About this exercise
Copy out the lines of the material that include the string "Suites".

***

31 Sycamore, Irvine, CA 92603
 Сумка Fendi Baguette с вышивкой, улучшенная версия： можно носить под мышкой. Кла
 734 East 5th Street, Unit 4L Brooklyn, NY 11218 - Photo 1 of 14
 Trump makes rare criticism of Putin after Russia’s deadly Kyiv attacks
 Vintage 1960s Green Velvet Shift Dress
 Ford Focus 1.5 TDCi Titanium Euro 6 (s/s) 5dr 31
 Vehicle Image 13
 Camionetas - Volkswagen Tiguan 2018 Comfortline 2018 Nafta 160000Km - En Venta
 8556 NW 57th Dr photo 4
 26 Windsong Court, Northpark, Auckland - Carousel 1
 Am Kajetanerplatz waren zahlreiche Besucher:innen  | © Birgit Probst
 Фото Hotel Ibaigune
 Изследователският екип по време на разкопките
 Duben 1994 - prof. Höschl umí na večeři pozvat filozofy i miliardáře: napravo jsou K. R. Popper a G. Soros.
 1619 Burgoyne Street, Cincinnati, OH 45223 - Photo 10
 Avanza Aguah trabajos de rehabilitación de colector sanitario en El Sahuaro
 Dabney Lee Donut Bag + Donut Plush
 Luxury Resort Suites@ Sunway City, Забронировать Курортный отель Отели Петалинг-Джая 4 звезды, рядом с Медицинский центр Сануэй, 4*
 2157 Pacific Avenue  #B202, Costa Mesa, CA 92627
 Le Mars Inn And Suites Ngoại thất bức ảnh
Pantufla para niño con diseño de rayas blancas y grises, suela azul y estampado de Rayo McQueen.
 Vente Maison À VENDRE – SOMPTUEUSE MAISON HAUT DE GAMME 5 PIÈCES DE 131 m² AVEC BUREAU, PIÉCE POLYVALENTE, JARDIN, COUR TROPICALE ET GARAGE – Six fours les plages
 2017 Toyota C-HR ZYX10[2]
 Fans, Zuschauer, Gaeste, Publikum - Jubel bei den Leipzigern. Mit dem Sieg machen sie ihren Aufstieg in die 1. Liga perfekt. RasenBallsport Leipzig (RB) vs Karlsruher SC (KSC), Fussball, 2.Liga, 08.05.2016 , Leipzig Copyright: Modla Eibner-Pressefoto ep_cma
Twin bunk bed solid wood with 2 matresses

***

Response to this exercise
 Luxury Resort Suites@ Sunway City, Забронировать Курортный отель Отели Петалинг-Джая 4 звезды, рядом с Медицинский центр Сануэй, 4*
 Le Mars Inn And Suites Ngoại thất bức ảnh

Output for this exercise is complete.